Man that job looks like it sucked


----------



## Unclog1776 (Feb 5, 2013)

I just worked the camera. I sign the check the guy in the camo lol. 

I was considering attaching the RR nozzle to the end


----------



## plbgbiz (Aug 27, 2010)

gear junkie said:


> Warthog (and others) make a nozzle to clean pits.....rotates in a 360 degree radius up down and sideways.
> 
> Man that job looks like it sucked


http://www.usbsec.com/nozzles.php?productId=39


----------



## Unclog1776 (Feb 5, 2013)

I can literally order anything I want for this job. They said anything we need just add it to invoice. This was already about a 2k job

We are scheduled to do it every 4 months. Two nights ago we jetted all inside drains in the kitchen area. That was as well about a 2k job


----------



## Shoot'N'Plumber (Apr 27, 2013)

Hey unclog! Do you not own a "super sucker"? We would come accross many deep septic/grease traps and storm basins regularly while having to deal with 150' of pump hose just to get to the manhole. Boy! That thing was awesome. It does require a large trailer type air compressor, but man it made life easier!


----------



## saysflushable (Jun 15, 2009)

about vacuuming water up 30'. It might be old info but you need to drill a hole in your vac hose about 2' from the end.about a 1/2 inch hole It works, I'm not sure why, I think because the water and air can get sucked up over 27' but not water.


----------



## Redwood (Sep 8, 2008)

Tough job having the vac truck banging against maximum lift...
Yea the old 14.7 pounds can only push the water 33.9' in theory...
In real life with loose pumps a bit less...
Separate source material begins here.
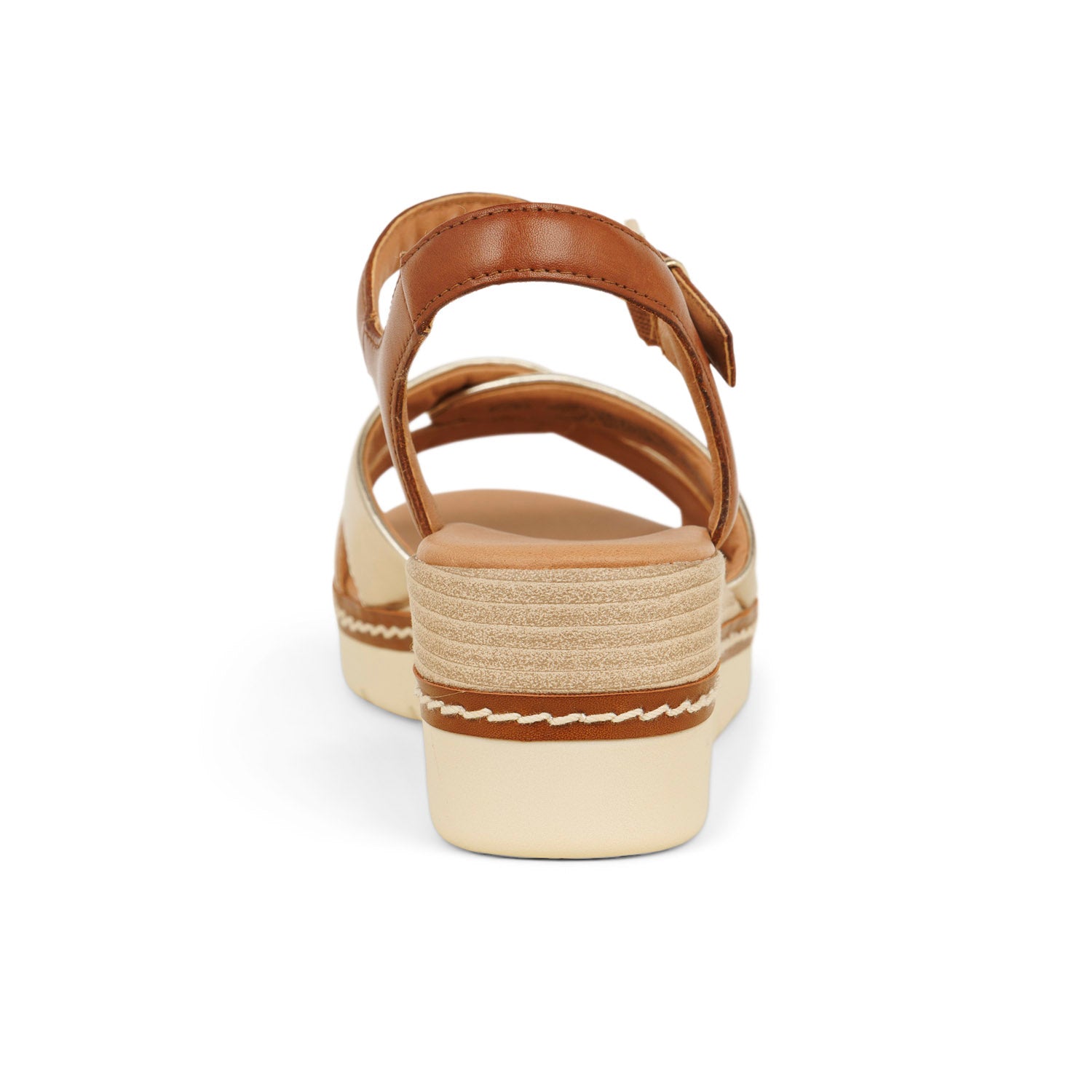 Sandales Femme MARCO TOZZI MAOM Or/Bronze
Saysflushable gave one option, with the hole you are drawing air and adding smaller amounts of the heavier water to it gaining lift height...

Another option would be to use a jet in the line, something similar to a jet for a well jet pump to use a water jet to push the waste up the line. A couple of camlocks into a sanitee, with 1/2" copper elbowed into the center of the line, then downsized into a straight 1/4" copper straight piece to form a nozzle pointed up the line to the truck, would make a nice little jet with a garden hose supplying it to increase lift ability.

Another option is to use a vac pump on the jetter to feed into the vac truck line.

What is that white crap on the ground?


----------



## Unclog1776 (Feb 5, 2013)

Yeah the vac hose has a 4 foot section of pvc at the very end. I noticed it does have a hole drilled.


----------



## gear junkie (Jun 20, 2008)

jet pumps won't pump 30 ft. I think it maxes out at about 10'.


----------



## Redwood (Sep 8, 2008)

gear junkie said:


> jet pumps won't pump 30 ft. I think it maxes out at about 10'.


20' For the jet pump, plus 30' for the vac truck puts you in business...:yes:


----------



## Unclog1776 (Feb 5, 2013)

Unfortunately the white crap is snow.... 

Thanks for the PM Red my only concern with installing a lift station and new grease trap is that we have a restaurant in town set up that way and it fails constantly. The slight layer of grease that is always in the pit causes the floats to stick and their alarm goes off. A couple blast of the pressure washer and they are good to go. We had to replace them once. It's a nasty nasty pit. My plumber charges me 500/hr to work on it and I think that still isn't ebough


----------



## Unclog1776 (Feb 5, 2013)

Shoot'N'Plumber said:


> Hey unclog! Do you not own a "super sucker"? We would come accross many deep septic/grease traps and storm basins regularly while having to deal with 150' of pump hose just to get to the manhole. Boy! That thing was awesome. It does require a large trailer type air compressor, but man it made life easier!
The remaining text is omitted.